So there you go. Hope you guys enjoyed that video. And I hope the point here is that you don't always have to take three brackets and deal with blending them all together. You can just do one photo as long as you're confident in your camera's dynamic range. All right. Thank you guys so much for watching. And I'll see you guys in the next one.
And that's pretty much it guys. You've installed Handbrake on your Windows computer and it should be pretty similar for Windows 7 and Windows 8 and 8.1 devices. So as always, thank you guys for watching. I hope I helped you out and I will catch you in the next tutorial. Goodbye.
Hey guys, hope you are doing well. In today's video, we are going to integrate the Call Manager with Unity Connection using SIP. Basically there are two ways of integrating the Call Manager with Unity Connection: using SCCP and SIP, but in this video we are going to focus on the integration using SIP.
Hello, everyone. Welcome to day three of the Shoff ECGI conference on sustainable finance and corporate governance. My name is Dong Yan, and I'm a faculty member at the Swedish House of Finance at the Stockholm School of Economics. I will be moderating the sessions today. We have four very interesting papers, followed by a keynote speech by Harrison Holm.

§

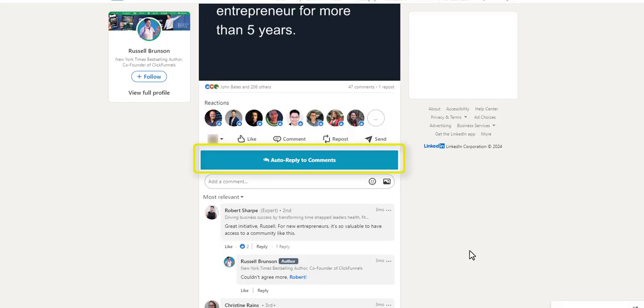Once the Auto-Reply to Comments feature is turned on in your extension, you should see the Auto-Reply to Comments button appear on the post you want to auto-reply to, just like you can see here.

§

All lines above holding the word "today" make up the answer; copy each one.

* **Response**
Hey guys, hope you are doing well. In today's video, we are going to integrate the Call Manager with Unity Connection using SIP. Basically there are two ways of integrating the Call Manager with Unity Connection: using SCCP and SIP, but in this video we are going to focus on the integration using SIP.
Hello, everyone. Welcome to day three of the Shoff ECGI conference on sustainable finance and corporate governance. My name is Dong Yan, and I'm a faculty member at the Swedish House of Finance at the Stockholm School of Economics. I will be moderating the sessions today. We have four very interesting papers, followed by a keynote speech by Harrison Holm.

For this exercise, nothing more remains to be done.